> _WORK REQUIRED_
Copy, please, the line with "Lässiger Damenpulli mit" and each line that follows it through the end of the data below, exactly as given and without pictures.

> _GIVEN ENTRIES_

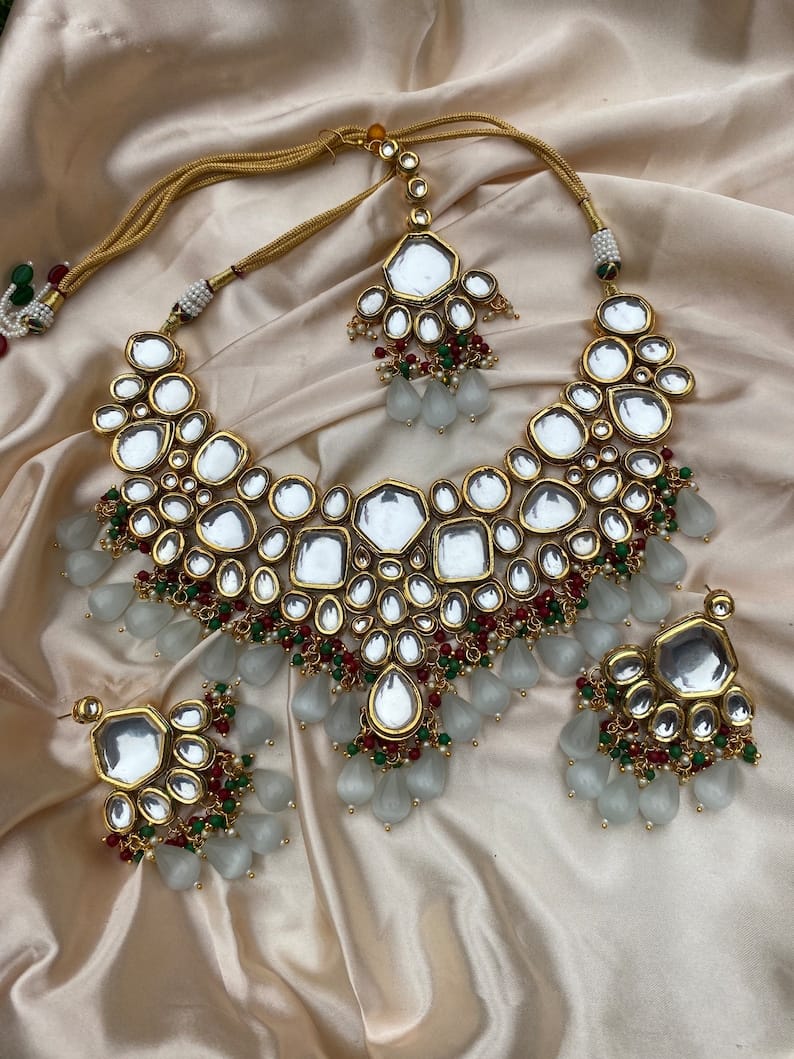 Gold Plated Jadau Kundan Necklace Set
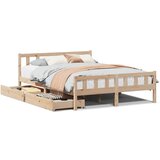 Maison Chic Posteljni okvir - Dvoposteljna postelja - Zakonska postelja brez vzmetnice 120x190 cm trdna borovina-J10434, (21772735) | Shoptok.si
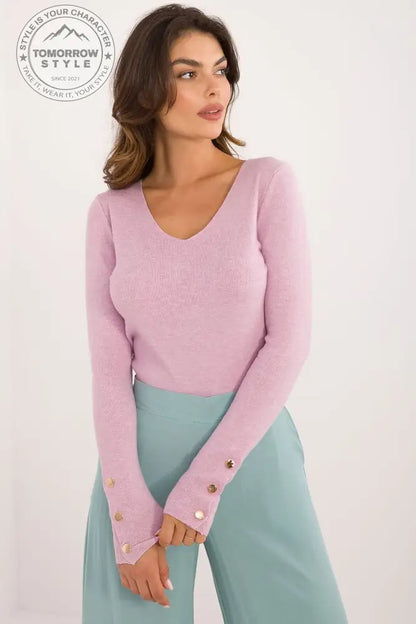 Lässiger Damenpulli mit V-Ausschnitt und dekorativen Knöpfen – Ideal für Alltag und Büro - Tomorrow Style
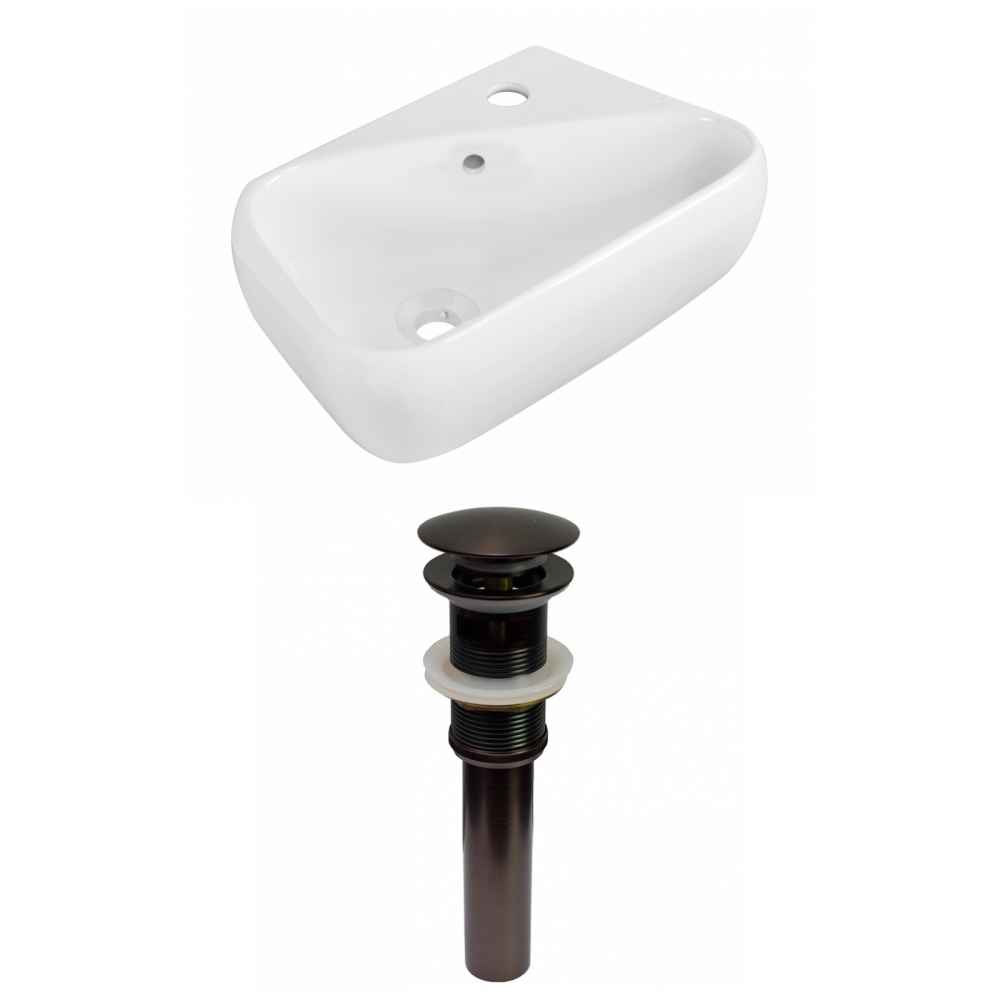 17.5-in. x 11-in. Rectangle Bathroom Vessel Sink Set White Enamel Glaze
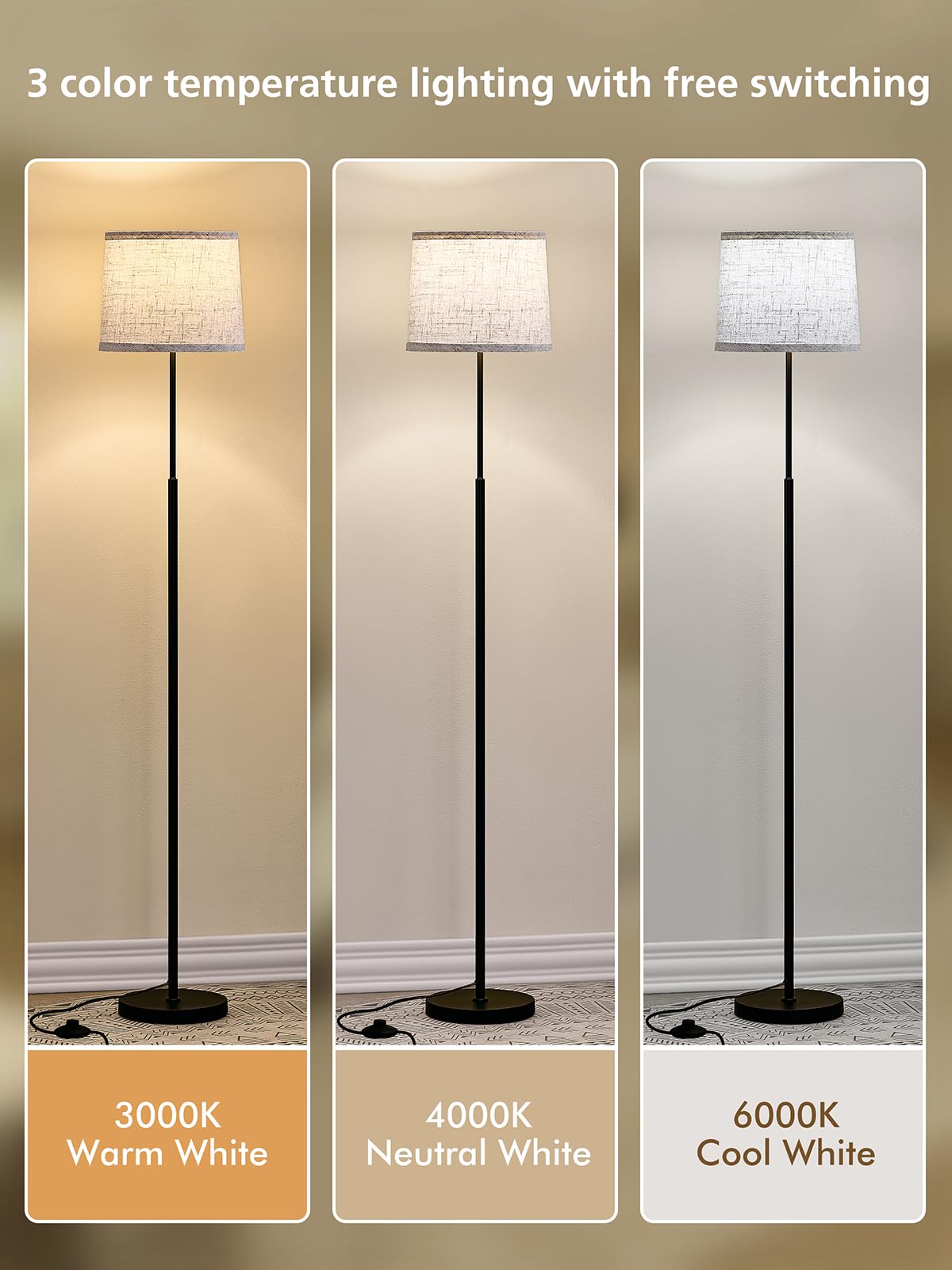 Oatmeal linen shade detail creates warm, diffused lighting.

> _EXERCISE RESULT_
 Lässiger Damenpulli mit V-Ausschnitt und dekorativen Knöpfen – Ideal für Alltag und Büro - Tomorrow Style
 17.5-in. x 11-in. Rectangle Bathroom Vessel Sink Set White Enamel Glaze
 Oatmeal linen shade detail creates warm, diffused lighting.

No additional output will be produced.